Overall, the majority of the interventions discussed in the studies did not include strategies for addressing cultural or resource-related barriers. However, the articles identified external collaborations with larger international agencies including the International Labor Organization and the United Nations (e.g., Blakemore et al., Citation2019) and international foundations like the Conrad N. Hilton Foundation (Lucio et al., Citation2020) as being fundamental to funding and training for implementing the interventions.

Implementation Outcomes

In terms of seven implementation outcomes, overall the studies were most explicit about acceptability and costs (Proctor et al., Citation2011). Only one study, Sensoy Bahar et al. (Citation2020), included a measurable strategy for assessing implementation outcomes. Her team focused on two outcomes: feasibility as measured by enrollment rates of 70% and higher, and acceptability as assessed by the Client Satisfaction Questionnaire (csqscales.com).

Acceptability

Three studies included implementation strategies to promote acceptability: De Bruin Cardoso et al. (Citation2020), Lucio et al. (Citation2020), and Sensoy Bahar et al. (Citation2020) (see Implementation Strategies subsection for a description). Most (n = 9) of the studies, however, described the interventions as unacceptable to their target populations, with the interventionists having no implementation strategies to address unacceptability. For example, the long length of stay at a shelter for sex trafficking survivors where they could not work or earn any money, due to long waits for court dates, was described as rendering services unacceptable, but the service providers were unable to change these conditions (Botha & Warria, Citation2020, Citation2021; Warria, Citation2018). For child labor directed interventions that promote schooling in place of children’s work, unacceptability was generated by a frank mismatch between families’ needs and the support offered by these interventions. Yeboah and Daniel (Citation2021), Zibagwe et al. (Citation2013) and Hilson (Citation2008, Citation2010) all reported that children, parents and employers shared that children’s labor was still needed to sustain their families despite food, cash or other forms of support given, and that the monies given to school fees still left families struggling to cover other costs incidental to school attendance, such as books and uniforms.

Cost

Implementation costs were described by eight studies as having a negative impact on other implementation outcomes and intervention effectiveness; implementors in these studies did not have strategies for addressing cost. Despite the support of foreign organizations who worked with local partners, costs negatively impacted several implementation outcomes such as feasibility, fidelity, penetration and sustainability (e.g., Emser & Francis, Citation2017). For instance, while long-term aftercare was seen as necessary for survivors of sex trafficking, such services cost too much (e.g., Botha & Warria, Citation2020) and social protection programs that provided nonconditional food or food/cash for work were not able to provide enough food for their recipients (e.g., Zibagwe et al., Citation2013). Hilson (Citation2008; Hilson, Citation2010) reported that Operation Sunlight was not carried out as planned (poor fidelity) – schools that recipients attended did not receive the promised school fees due to the program being under-funded, and local officials expressed concerns about the sustainability upon the end of funding by international organizations. The feasibility of having a task force to address sex trafficking and shelter services was affected by costs, as agencies were not able to provide the full extent of necessary resources and training to staff (e.g., Emser & Francis, Citation2017). Material and time costs also limited the adoption and penetration of successful human trafficking interventions (e.g., Emser & Francis, Citation2017; Yeboah & Daniel, Citation2021).

Discussion

In exploring the question “What is the state of implementation research in human trafficking interventions in sub-Saharan Africa?,” we identified 12 articles reporting on implementation. Only a few types of trafficking were addressed in the retrieved articles despite a search strategy designed to retrieve intervention efforts for a wide range of trafficking activities in SSA, and only three of the twelve described implementation strategies to address barriers and improve implementation outcomes for specific interventions, suggesting that implementation research in human trafficking in this region is still in a very early stage.

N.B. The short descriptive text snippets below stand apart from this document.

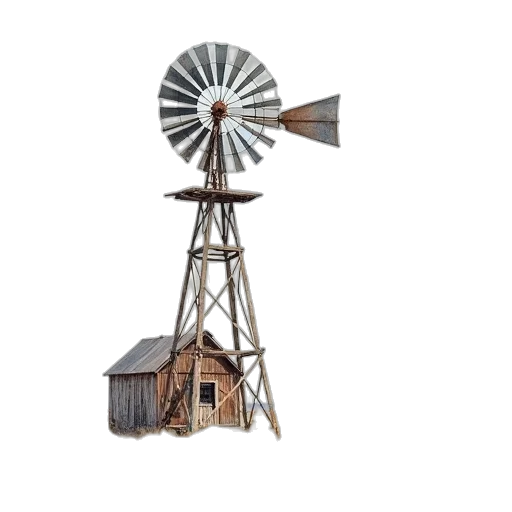 weapon, building, umbrella, hat transparent PNG cut-out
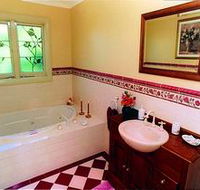 Frieda's Cottage - Hotel VIC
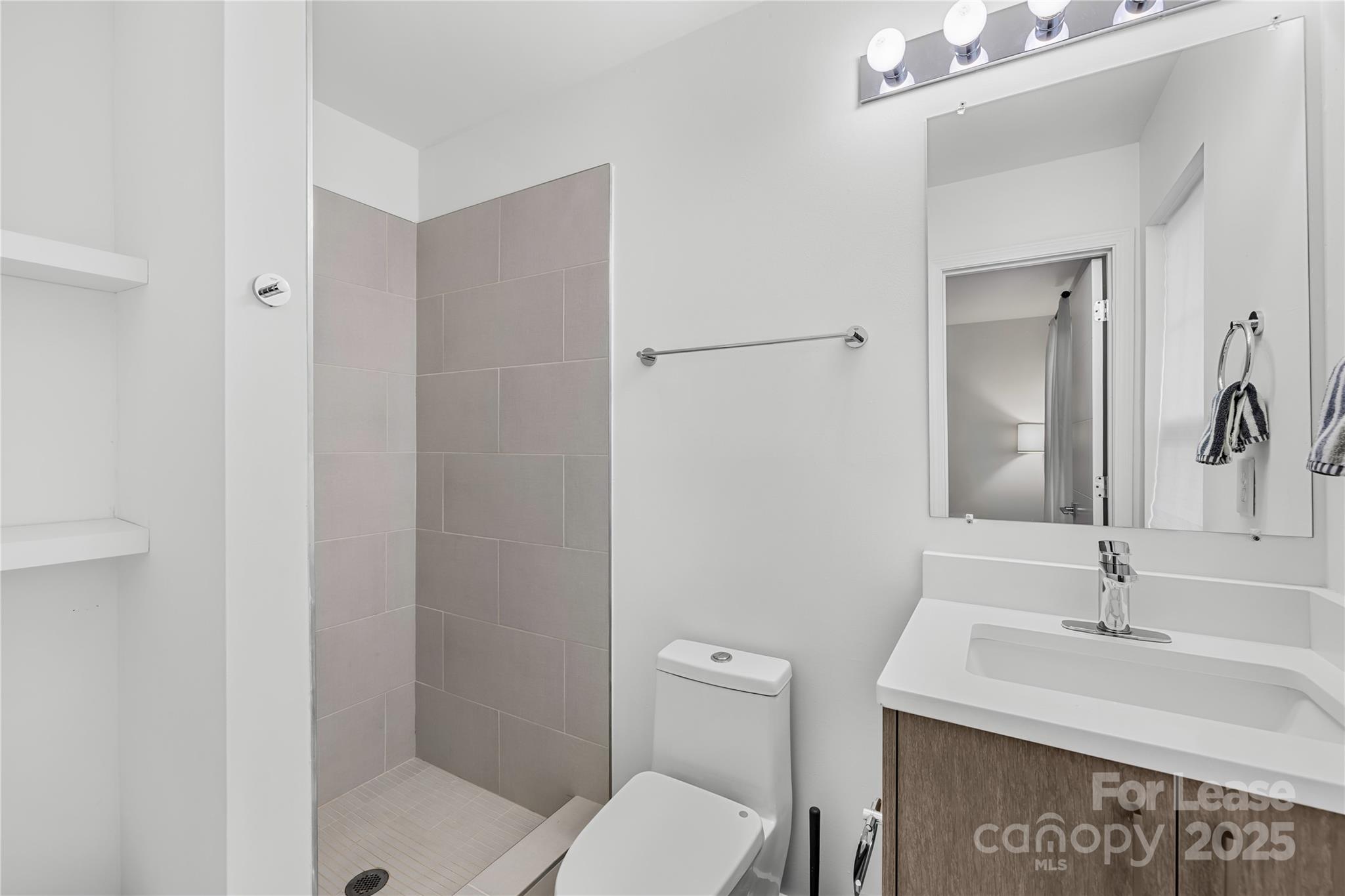 1535 Briar Creek Road Unit: APT A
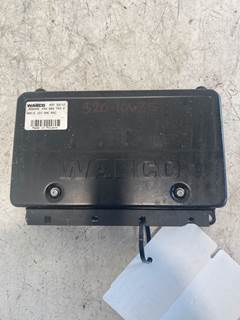 Used Wabco ABS Module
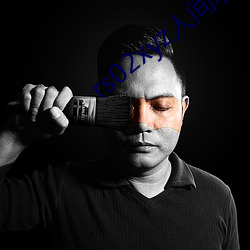 rs02xyz人間水蜜桃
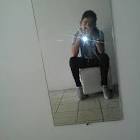 Profile Picture of   edwin Mendoza... (@edwinmendoza_) on Tiktok
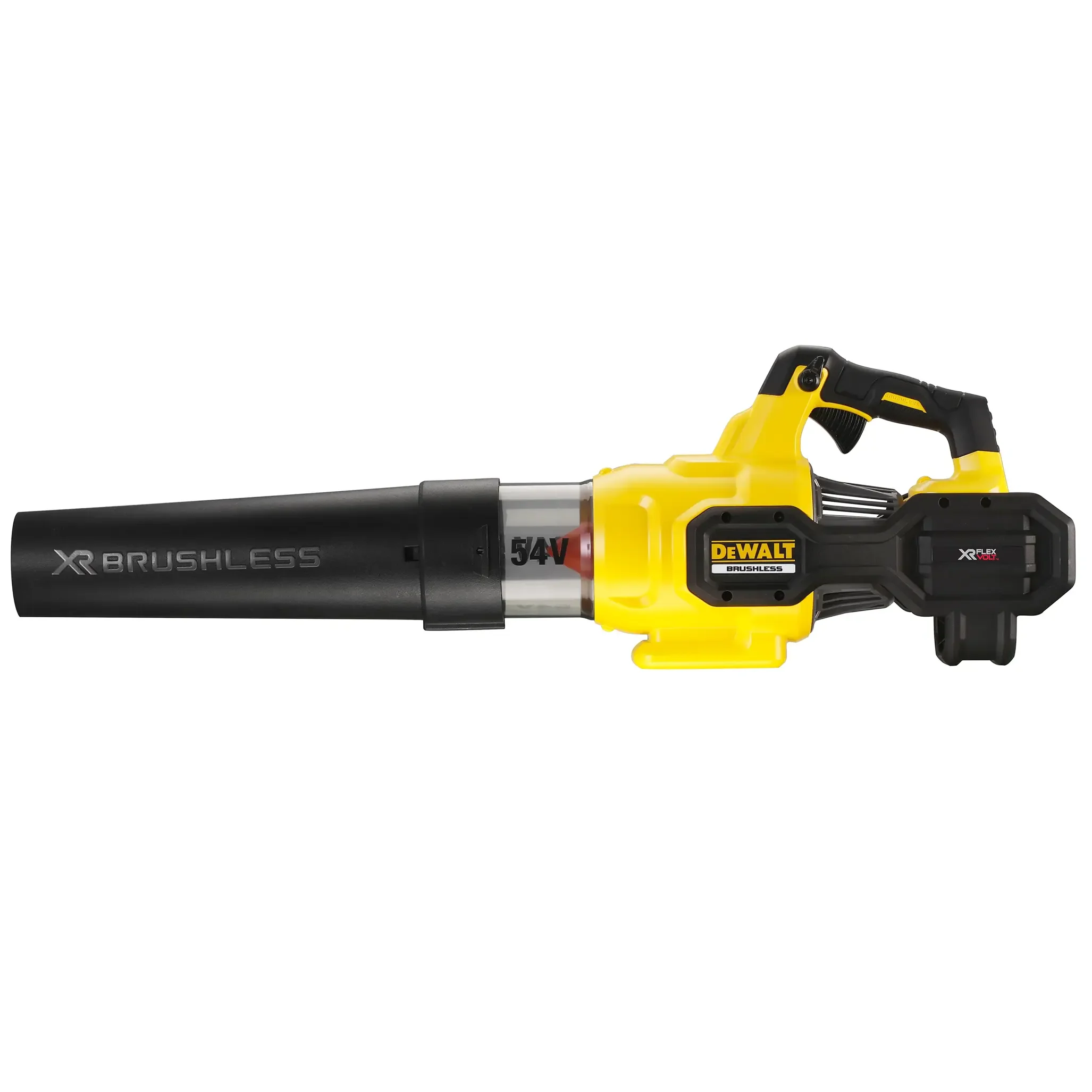 Soffiatore assiale Dewalt DCMBA572X1-QW 54V 9Ah - Image 2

Overall, the reviewed studies generated more robust information about barriers (to acceptability and costs) than details about how acceptability and costs were addressed by the implementation strategies. Nonetheless, insights from the authors who highlighted how local perspectives on poverty, gender norms, child labor, and family expectations differ from the perspectives of implementers suggest that this distinction be first addressed as a fundamental step toward improving service implementation. This is critical because, as demonstrated by these authors, such differences not only diminish both the effectiveness and acceptability of the interventions to the clients but also cause social and material harm. For instance, unsuccessful child labor reduction programs not only create the loss of children’s income with little chance of the child gaining an education in a context where that education would provide access to livable wage employment (e.g., Hilson, Citation2008, Citation2010) but also diminish children’s status or roles in the family, as children’s contributions to their family through work is viewed as a sign of maturity and responsibility (e.g., Yeboah & Daniel, Citation2021).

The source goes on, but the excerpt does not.